Soup is Beautiful, OR, How to Scrape the LCBO Website

Webscraping is an awkward and fragile process: you rely on the website maintainers to not change the structure of their HTML (which they will always do), and you need to know not only the language your scraping library is written in (in this case Python) but also have a good understanding of both HTML and CSS.

Step 1 in scraping the LCBO website is to make some sense of their search URL. Go to their site ( https://www.lcbo.com/ ) and enter a search for a product that interests you. I searched for "dillon's rose gin" and was sent to this URL:

https://www.lcbo.com/webapp/wcs/stores/servlet/SearchDisplay?categoryId=&storeId=10203&catalogId=10051&langId=-1&sType=SimpleSearch&resultCatEntryType=2&showResultsPage=true&searchSource=Q&pageView=&beginIndex=0&pageSize=12&searchTerm=dillon%27s+rose+gin

I spent a lot of time tinkering with the various settings implied by the parts of the URL. The most obvious and necessary is &searchTerm=dillon%27s+rose+gin. Note that the single quote has been changed into an HTML entity, the %27. You can (not saying you should, but it works and makes it easier to look at and work with) remove a number of the parameters:

https://www.lcbo.com/webapp/wcs/stores/servlet/SearchDisplay?storeId=10203&showResultsPage=true&beginIndex=0&pageSize=20&searchTerm=dillon%27s+rose+gin

Notice I've changed the pageSize=20 (the value was originally 12) - this sets the number of search results per page.

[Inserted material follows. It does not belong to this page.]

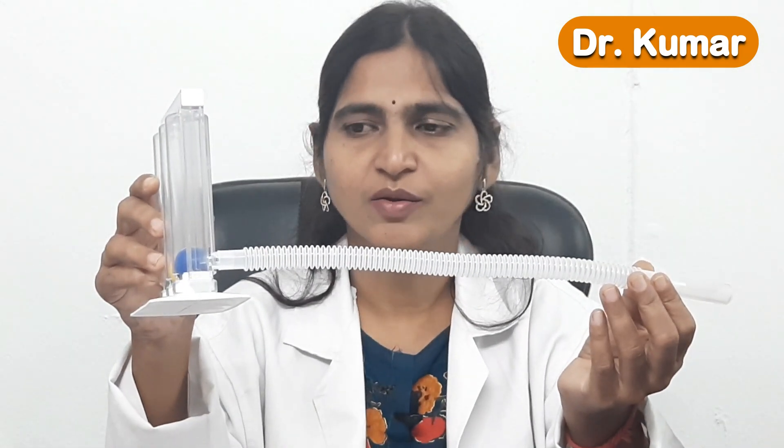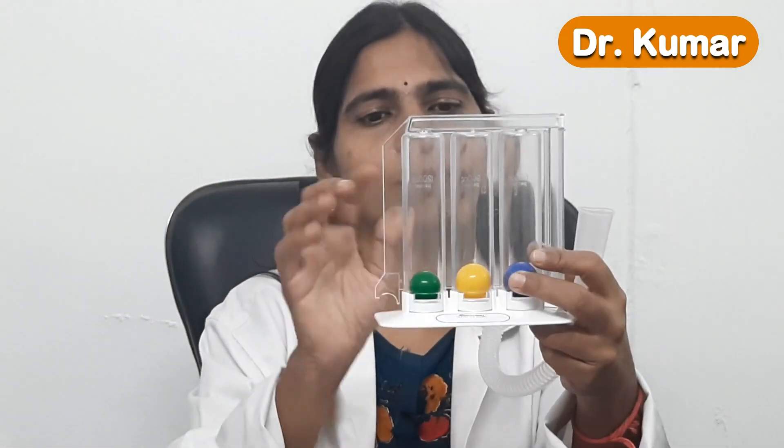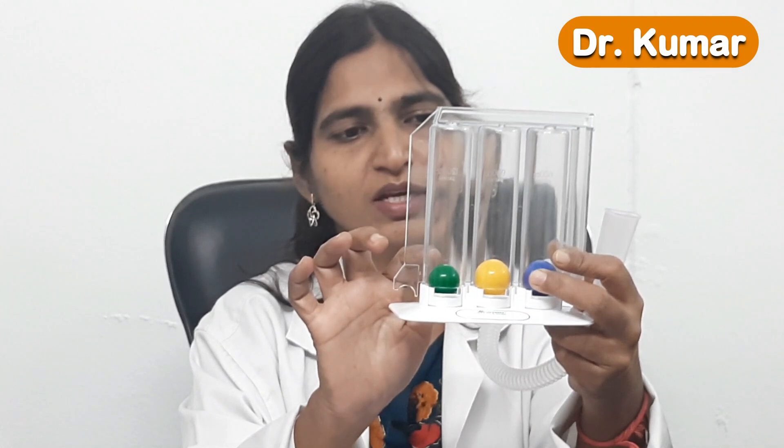This is an incentive spirometer where there is a mouthpiece and chambers with three balls. The movement of the balls depends on how much air you are taking in. As you increase the depth of breathing, the balls will rise in an orderly manner. First the blue ball will rise; if you breathe deeper or for longer, the yellow ball will also rise; and if the effort is more, all three balls will rise.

Step 2 is to install a scraping library. I'm a Python user, and have heard many good things about BeautifulSoup. So: dnf install python3-beautifulsoup4 - it can of course be installed with pip or pip3, but I favour OS-level packages whenever possible as I'm far better at keeping them up-to-date.

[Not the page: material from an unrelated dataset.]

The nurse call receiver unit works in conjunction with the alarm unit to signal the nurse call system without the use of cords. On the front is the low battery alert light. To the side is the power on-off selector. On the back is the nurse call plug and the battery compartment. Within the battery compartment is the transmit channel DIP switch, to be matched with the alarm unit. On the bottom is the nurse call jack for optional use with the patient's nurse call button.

Step 3 isn't a step I expected, but it didn't surprise me much. Write out the basic structure:

import requests
from bs4 import BeautifulSoup as Soup

searchTerm = "dillon%27s+rose+gin"
URL = "https://www.lcbo.com/webapp/wcs/stores/servlet/SearchDisplay?storeId=10203&showResultsPage=true&beginIndex=0&pageSize=20&searchTerm=" + searchTerm
page = requests.get(URL)

soup = Soup(page.content, 'html.parser')
print(soup)

The result I received back was this:

<!DOCTYPE HTML PUBLIC "-//IETF//DTD HTML 2.0//EN">

<html><head>
<title>403 Forbidden</title>
</head><body>
<h1>Forbidden</h1>
<p>You don't have permission to access /webapp/wcs/stores/servlet/SearchDisplay
on this server.</p>
<hr/>
<address>IBM_HTTP_Server at www.lcbo.com Port 443</address>
<script async="async" src="/__zenedge/assets/f.js?v=1545403345" type="text/javascript"></script><script>(function () { var v = 1552763472 * 3.1415926535898; v = Math.floor(v); document.cookie = "__zjc4444="+v+"; expires=Sat, 16 Mar 2019 19:12:12 UTC; path=/"; })()</script></body></html>

I didn't have to do a search to know why their site was throwing a 403 on a legitimate search - years of working on and with websites brought me an immediate and, as it turned out, accurate guess. They're filtering on user agent. I haven't checked what UA Python's request library uses, but it's either an empty string or some indication that it's a scraper rather than a browser. And a lot of websites try to block scrapers. Which is tricky at the best of times, but pretty much impossible to do based on UA as anyone - and any program - can change their UA at will:

import requests
from bs4 import BeautifulSoup as Soup

searchTerm = "dillon%27s+rose+gin"
UA = 'Mozilla/5.0 (Windows NT 10.0; Win64; x64) AppleWebKit/537.36 (KHTML, like Gecko) Chrome/72.0.3626.109 Safari/537.36'
URL = "https://www.lcbo.com/webapp/wcs/stores/servlet/SearchDisplay?storeId=10203&showResultsPage=true&beginIndex=0&pageSize=20&searchTerm=" + searchTerm
page = requests.get(URL, headers={'User-Agent':UA})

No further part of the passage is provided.